The fact that the Michigan mining statute of 1905 gave the Calumet & Hecla Company power to purchase and own stocks in other mining corporations is invoked as making lawful the monopolistic control obtained through such purchase. The proposition is, in other words, that the Michigan statute gives the right to do the act complained of. Pub. Acts Midi. 1905, p. 153, No. 105. But this statute must be read in connection with the avowed policy of the state as expressed by its statutes. Distilling & Cattle Feeding Co. v. People, 156 Ill. 491, 41 N. E. 188, 47 Am. St. Rep. 200. When the amendment above referred to was passed, the statute of 1899, above referred to, was in force. The same Legislature which passed the mining amendment' of 1905 *876later passed Act No. 329, p. 508, Acts 1905, “supplementary to, and declaratory of,” the anti-monopoly act of 1899, containing the express provision before quoted, and in addition thereto exceptionally drastic provisions designed to prevent monopolies, total or partial, by whatever means accomplished. The result of these two statutes is that power was given to the Calumet & Hecla Company to purchase stock in the Osceola Company, but the right to exercise that power in violation of the anti-monopoly statutes of the state was not given. For the reasons stated, the conclusion reached is that the bill sufficiently alleges an unlawful combination.

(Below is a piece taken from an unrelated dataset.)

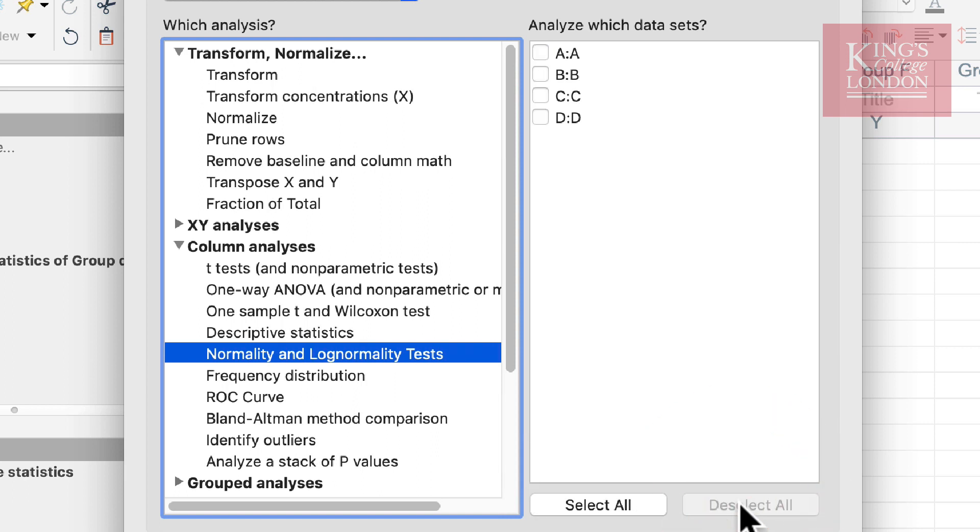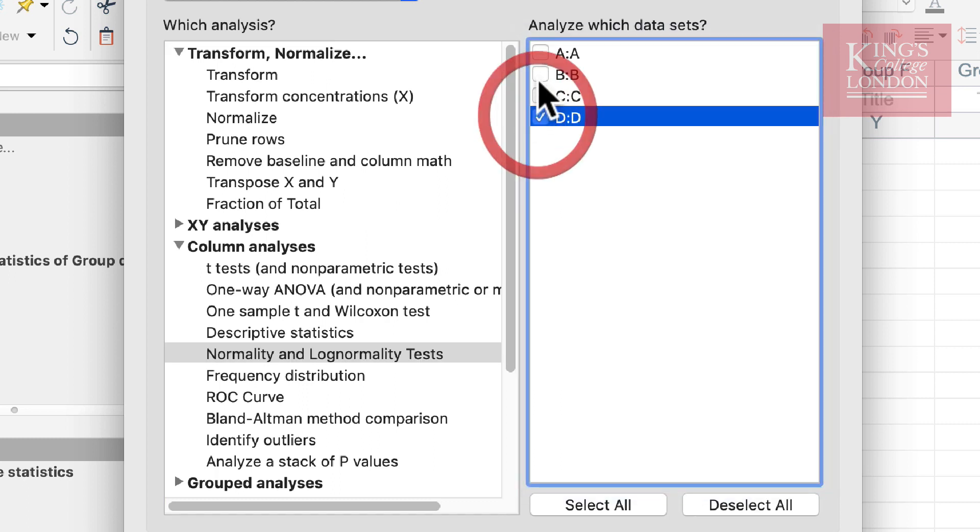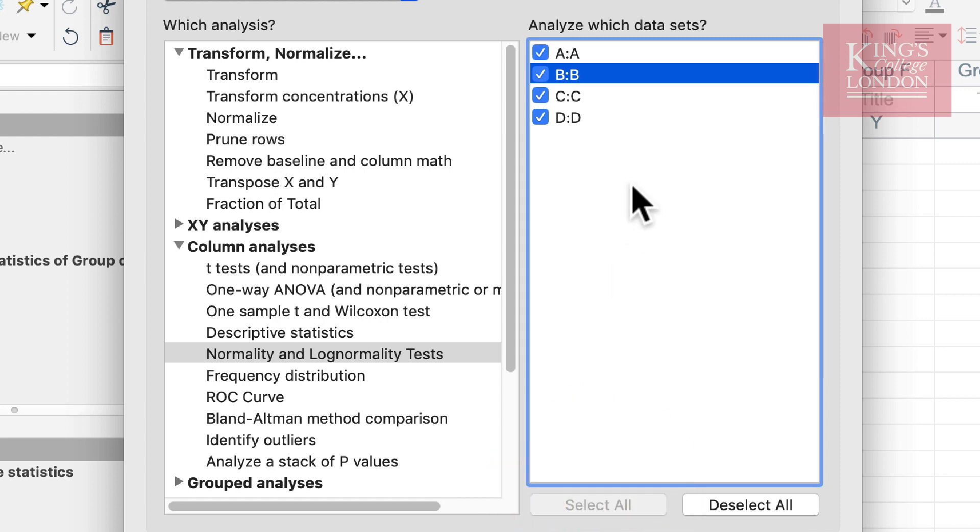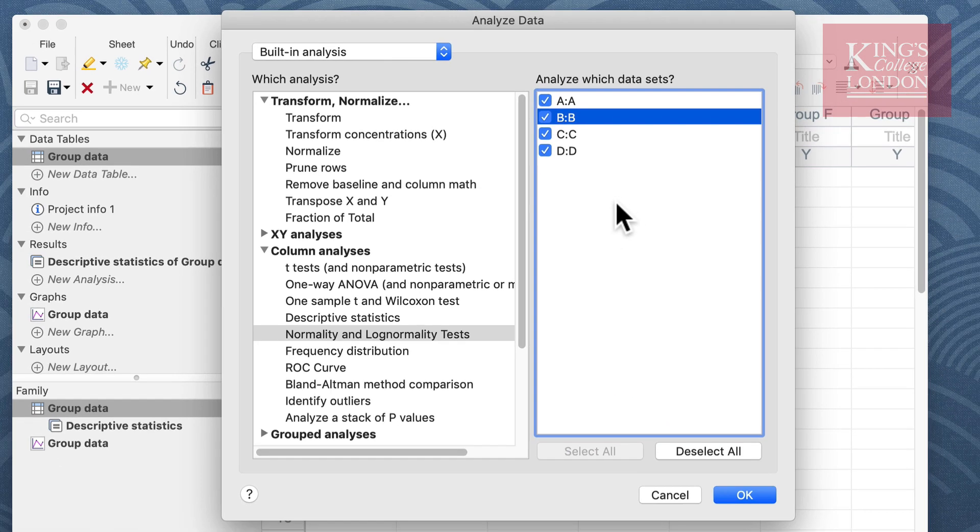...all your data are deselected and then you can choose for instance the data sets you wish to analyze in particular, or you can click on the select all button and all of the data sets on that given table will be selected. Once you've determined which data you wish to compare you then click on OK.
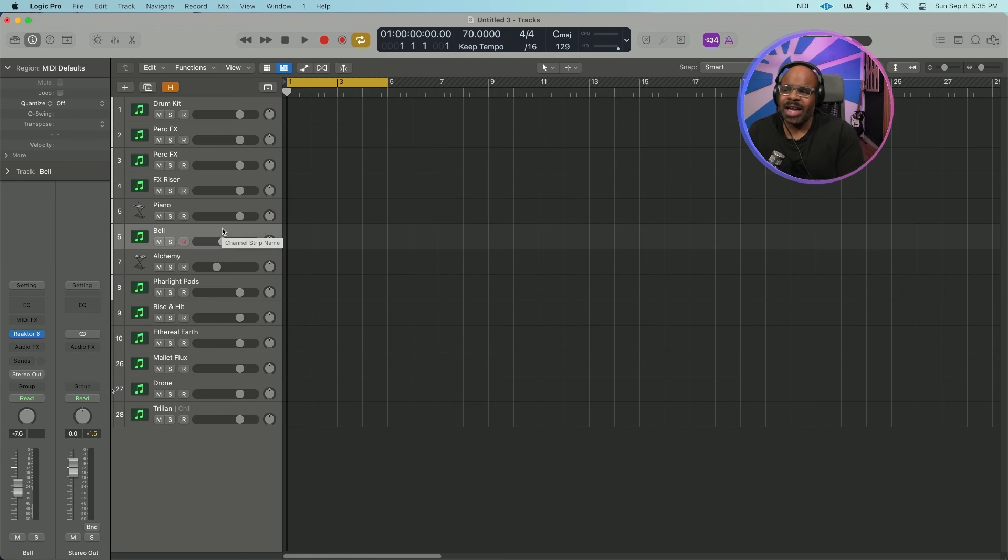Also, you gotta have a bell. You gotta have bells in there. For my bell sounds, I use Reactor Prison. I just love all their different bell sounds. Again, I have Alchemy loaded. I just use this as a general instrument. I just really love the thing.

2. The question whether a bill for injunctive relief can be maintained under the federal anti-trust act at the instance of a private party is not free .from difficulty. It is strenuously contended that under neither the federal anti-trust act nor the state act can relief by way of injunction be granted to a private party; that section 4 of the federal act, which provides for injunctive relief, is expressly limited to suits brought at the instance of the Attorney General; and that section 7 of the federal act, giving to an injured party a right of action at law for treble damages, considered in connection with section 4 referred to, by necessary implication excludes the right of a private party to maintain any suit except that for treble damages under section 7, regardless of the general equitable jurisdiction of the court. Some of the cases cited affirm this contention. Others of them, in my judgment, do not, but, on the contrary, recognize the rule that the prohibition against injunctive relief under the federal act is limited to suits brought for injuries common to the general public, and that under the general jurisdiction of equity relief may be granted to a private party against violations of the anti-trust act.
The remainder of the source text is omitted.